Taking Social Actions

I’ve been watching with interest the evolution of Social Actions, a relatively new service that helps you find things you can do right now for the causes you care about. The site aggregates “actionable opportunities” from 30 different social action-oriented sites like Change.org, Idealist.org, Kiva, DonorsChoose.org and others. With the proliferation of so many cause-related social networking sites, it’s helpful to see everything in one place. The Social Actions Labs folks have also been putting together various web applications that help to spread the information farther, such as a widget to put on your website or blog that uses keywords to offer actions related to the topic of the webpage (see left sidebar) and a Twitter “Social Actions PSA feed” you can have post to your own Twitter account daily for your favorite cause.

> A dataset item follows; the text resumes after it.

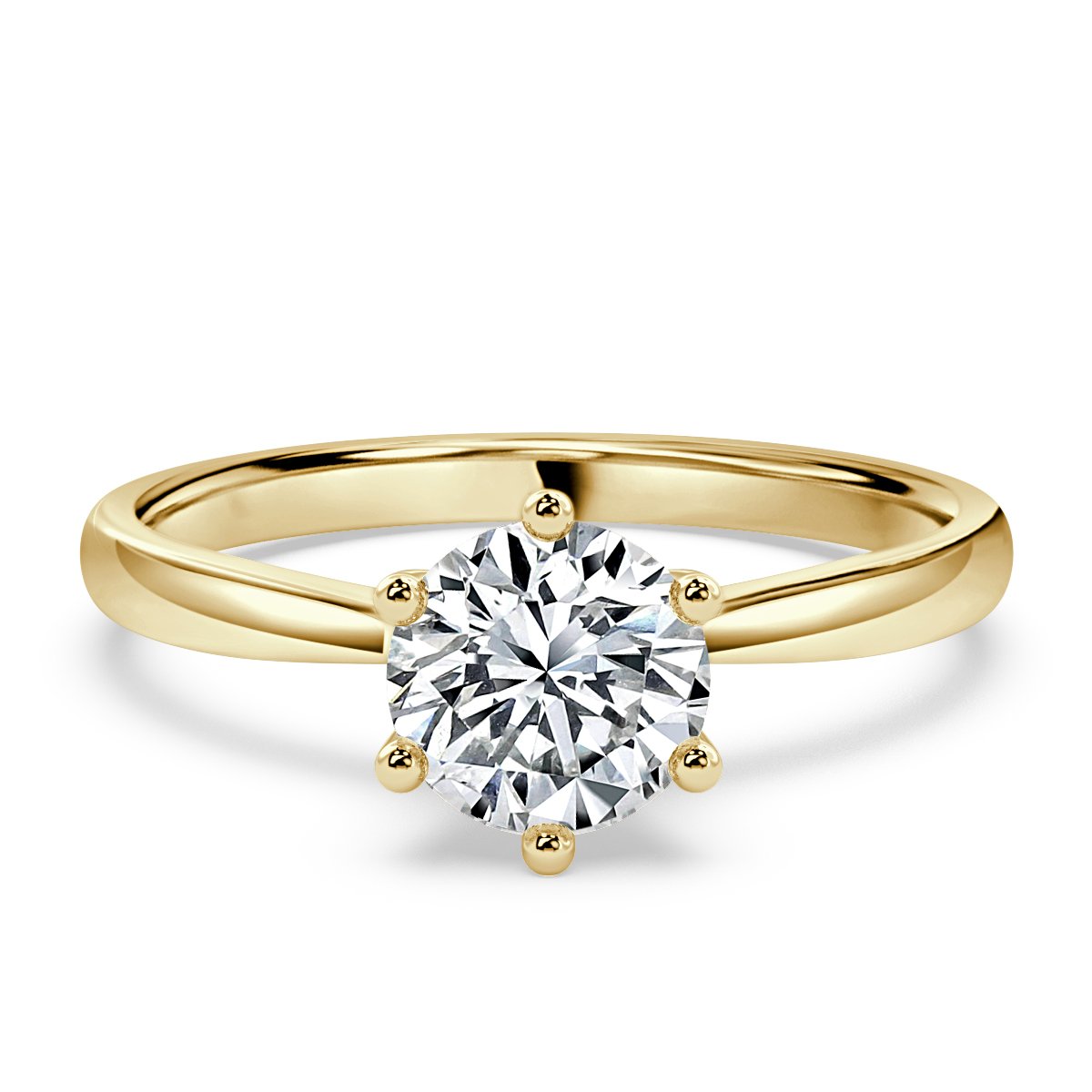 Tapered Round  Diamond Solitaire Engagement Ring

So when fellow blogger Britt Bravo invited me, along with other nonprofit marketing bloggers, to help her help Social Actions to market and communicate its mission more effectively, I was happy to help. After looking over the website, here are some of my thoughts:

  • The focus needs to be centered on taking action — that’s what the mission is all about. But a look at the home page pulls me in many different directions. If I am a person wondering what I can do about my favorite cause, it should be obvious at a glance how to find that information. It took way too long for me to notice that the small search box at the top left that says “Find an action” is where I should start. The home page should be focused on the search box, with it being as easy to find as the box on Google’s search page.
  • Nowhere do I see anything about the specific issues I care about — just a lot about the features of Social Actions. The key to good marketing is looking at your product and communications from the viewpoint of your audience; answer their question “What’s in it for me?” They have made a good start, with using the words “you” and “your” in a couple of places, and providing a menu of options as “I would like to…” Show examples of featured issues and related actions. Let me see what your application does for me, rather than just talking about it.
  • The home page is also missing the heart and emotion of why people come in the first place. They are passionate about getting involved, in making a difference. They don’t necessarily care about “increasing the scope and impact of the citizen sector.” They want to save a life, rescue the planet, help someone out of poverty… and they want to do it in 5 minutes or less. Emphasize the impact they can have, the ease of participating, and the range of choices they can use to find an action that’s just right for them.
  • Even when I select the link that says “I would like to…Find ways to take action,” I am confronted with four text-based choices that are still not entirely clear for the person who is just looking for how to help stray cats. The language under the option “Find an action by location, cause or keyword” is far too techie for regular people: “Our mashup aggregates actionable opportunities from 19 social action platforms.” How about just “Find an action you can take for your favorite cause”? (And the number of social action platforms listed ranges anywhere from 19 to 30, depending on the page!)
  • Help your users continue to use and spread the word about Social Actions once they have been impressed by the range of action options for their cause. On every search results page, offer an easy-to-find RSS feed so that people can learn about the latest action related to their issue immediately. Offer the code to add a widget to their blog, Facebook profile, or MySpace page with actions on the cause for which they just searched. Add a link that says “Got Twitter?” with instructions on how to use the Social Actions Twitterfeed. Hand it to them rather than making them search your site for these tools.
  • And finally, focus on your mission and whom you are serving. Some of the options on the home page let you look at the nonprofit jobs and internships board, hire a nonprofit consultant, and help foundations develop a micro-philanthropy strategy. Social Actions seems to have a split personality, unsure whether it is serving the individual activist or the nonprofit sector. These two missions can coexist, but not on the same web page. There should be a separate site or section of the existing website for nonprofit professionals or it gets too confusing. Each group has very different communication needs.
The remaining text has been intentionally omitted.